=== Action item ===
Reproduce the listing verbatim through the line with "BAGSMART College Laptop".

-------------------------

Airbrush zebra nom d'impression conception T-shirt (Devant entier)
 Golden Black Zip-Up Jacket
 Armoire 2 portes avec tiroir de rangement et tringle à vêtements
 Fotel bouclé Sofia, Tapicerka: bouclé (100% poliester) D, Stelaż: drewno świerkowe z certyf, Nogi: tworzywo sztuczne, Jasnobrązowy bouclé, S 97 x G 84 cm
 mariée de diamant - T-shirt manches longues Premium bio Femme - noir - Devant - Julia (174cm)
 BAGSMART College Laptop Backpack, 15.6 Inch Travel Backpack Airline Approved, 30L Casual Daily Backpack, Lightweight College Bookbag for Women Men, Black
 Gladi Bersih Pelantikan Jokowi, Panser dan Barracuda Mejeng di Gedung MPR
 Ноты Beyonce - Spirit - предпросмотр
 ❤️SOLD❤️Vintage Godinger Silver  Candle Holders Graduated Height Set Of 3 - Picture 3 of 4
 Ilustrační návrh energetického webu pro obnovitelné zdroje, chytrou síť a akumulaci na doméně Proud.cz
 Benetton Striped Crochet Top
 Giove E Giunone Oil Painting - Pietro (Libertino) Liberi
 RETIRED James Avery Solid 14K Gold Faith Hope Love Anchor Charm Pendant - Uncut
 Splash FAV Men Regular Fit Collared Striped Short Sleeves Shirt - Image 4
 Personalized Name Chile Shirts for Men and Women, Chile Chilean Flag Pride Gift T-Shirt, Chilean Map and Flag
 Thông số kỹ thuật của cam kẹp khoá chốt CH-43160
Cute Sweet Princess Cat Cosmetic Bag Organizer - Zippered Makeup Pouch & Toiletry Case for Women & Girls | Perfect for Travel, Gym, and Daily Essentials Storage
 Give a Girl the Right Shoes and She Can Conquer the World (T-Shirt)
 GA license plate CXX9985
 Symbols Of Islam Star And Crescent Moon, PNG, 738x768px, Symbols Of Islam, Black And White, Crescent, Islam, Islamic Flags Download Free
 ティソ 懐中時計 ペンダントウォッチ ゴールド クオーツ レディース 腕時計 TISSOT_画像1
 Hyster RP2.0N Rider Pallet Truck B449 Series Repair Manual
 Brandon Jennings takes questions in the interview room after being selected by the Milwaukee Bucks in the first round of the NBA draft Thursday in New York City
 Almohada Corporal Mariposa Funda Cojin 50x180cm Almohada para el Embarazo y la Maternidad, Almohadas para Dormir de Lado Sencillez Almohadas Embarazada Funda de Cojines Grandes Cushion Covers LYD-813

-------------------------

=== Solution for this problem ===
Airbrush zebra nom d'impression conception T-shirt (Devant entier)
 Golden Black Zip-Up Jacket
 Armoire 2 portes avec tiroir de rangement et tringle à vêtements
 Fotel bouclé Sofia, Tapicerka: bouclé (100% poliester) D, Stelaż: drewno świerkowe z certyf, Nogi: tworzywo sztuczne, Jasnobrązowy bouclé, S 97 x G 84 cm
 mariée de diamant - T-shirt manches longues Premium bio Femme - noir - Devant - Julia (174cm)
 BAGSMART College Laptop Backpack, 15.6 Inch Travel Backpack Airline Approved, 30L Casual Daily Backpack, Lightweight College Bookbag for Women Men, Black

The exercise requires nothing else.